Lorsque la mort d’un ami vous frappe comme une gifle de la vie, vous vous posez plein de questions. Pire, vous avez du mal à revenir « avec les autres », avec celles et ceux qui déambulent sur les boulevards comme si de rien n’était. C’est cela que j’ai vécu en janvier 2016. Si je commence cette introduction à la théologie de Raphaël Picon comme cela, c’est que je ne pourrai jamais distinguer l’ami du théologien, tant sa pensée forte et puissante était chez lui aussi une manière de vivre. Il a même montré jusqu’au bout que c’était une manière de mourir, c’est-à-dire de vivre jusqu’au bout, même quand on sait que tout va se finir bientôt. Son livre de chevet, Le courage d’être, de Paul Tillich, est l’illustration parfaite de cette cohérence : une pensée rationnelle et flamboyante et une densité de vie extraordinaire.

Complices, nous l’étions aussi en théologie ! Parfait connaisseur des théologies du process, que je cherche à promouvoir, il avait cette approche bilingue franco-américaine qui rendait fluides sa pensée et ses intuitions.
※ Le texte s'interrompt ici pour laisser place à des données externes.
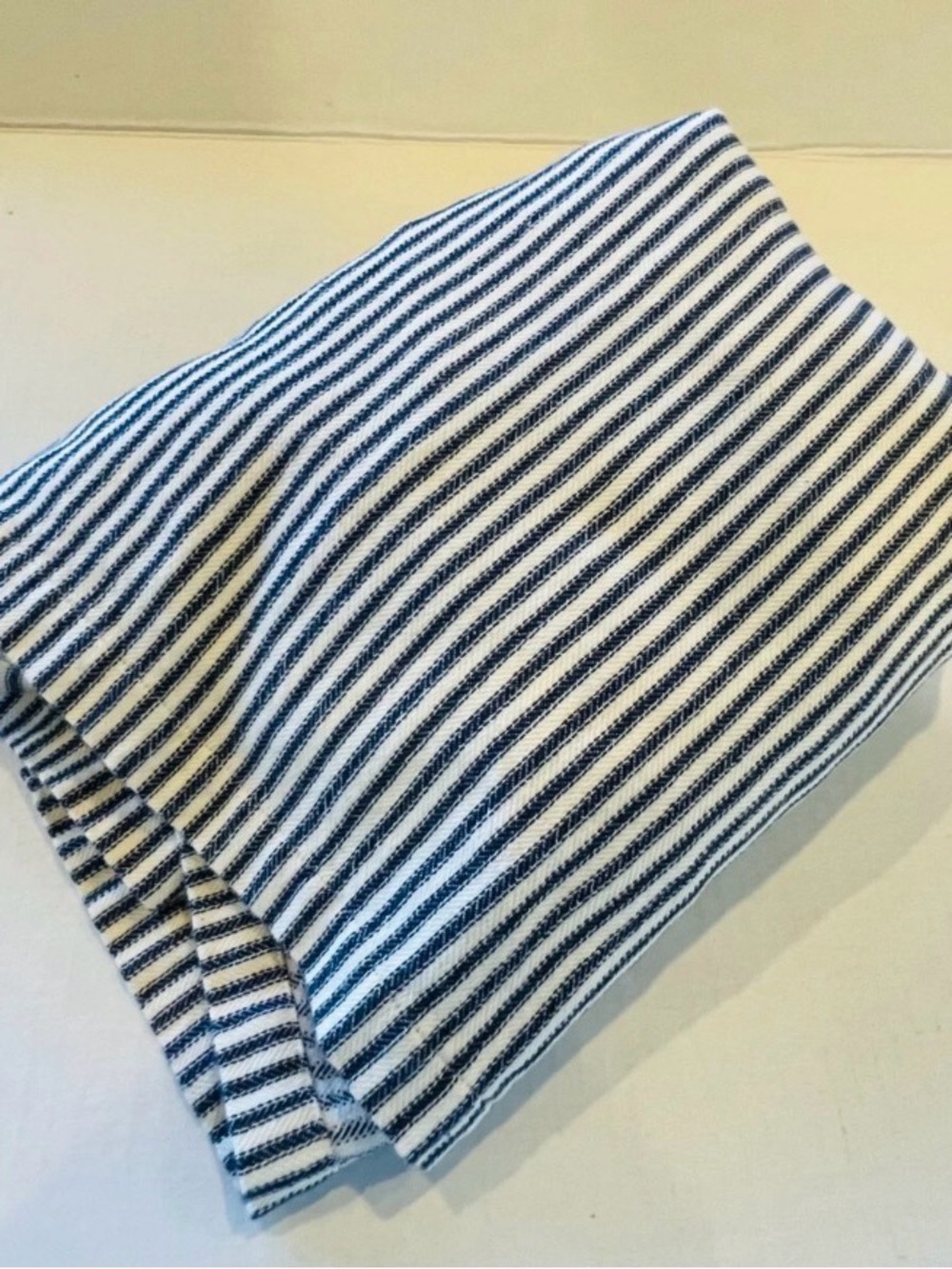 RESTORATION HARDWARE Vintage Blue Ticking Stripe Crib Bed Skirt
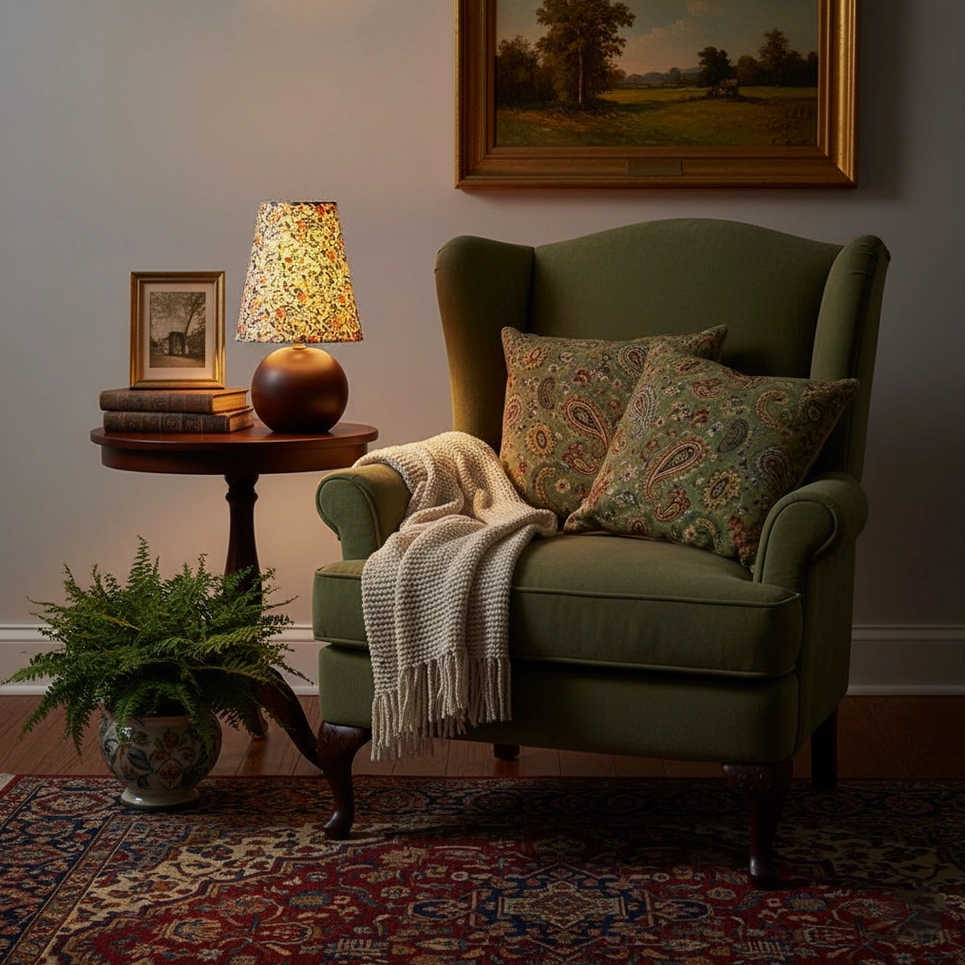 Floral table lamp on side table beside green wingback chair in cozy living room reading nook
Laurent Gagnebin, son complice (et ami) académique de toujours, nous fait entrer dans le cheminement de cette pensée toujours novatrice. Il nous en montre les évolutions, les questionnements, les révoltes, les « insoumissions ». On ne peut pas, nous rappelle-t-il, penser Dieu sans penser l’être humain. L’un ne se déduit pas de l’autre, mais l’un et l’autre se conjuguent dans un devenir permanent (un « process »). Comment transcender notre quotidien ? Comment le rendre spirituel en toute circonstance ? Raphaël écrivit ce merveilleux livre sur Emerson en le titrant Le sublime ordinaire. Ce titre est plus qu’un titre, c’est une éthique, c’est une spiritualité, c’est une théologie !

La symphonie de Raphaël était encore en chantier. Elle nous parvient aujourd’hui comme une œuvre inachevée. De toute façon, il aurait détesté « achever » une œuvre, car le devenir est toujours plus puissant que la permanence, la fulgurance toujours plus parlante que le dogme. Il l’a pensée, il l’a vécue, il l’a incarnée… jusqu’au bout !

Au-delà de l’homme, sa pensée nous interroge sans cesse : que dire de Dieu en sachant, comme il aimait à le répéter, que « toute théologie est un discours humain sur Dieu, et non un discours de Dieu ou sur la place de Dieu » ? L’audace de nos intuitions ne doit pas nous écarter de cette qualité première de toute théologie : l’humilité fondamentale. Cela nous questionne aussi sur notre monde : comment sortir des postures arrogantes qui nous guettent tous ? Comment éviter ces polémiques stériles pour retrouver le sens de l’humain ? Penser Dieu humblement, c’est aussi penser l’être humain humblement. Mais aussi lui redonner sa juste et sa très belle place : être et demeurer, jusqu’au bout, un chercheur invétéré, infatigable, que rien n’arrête, pas même la mort.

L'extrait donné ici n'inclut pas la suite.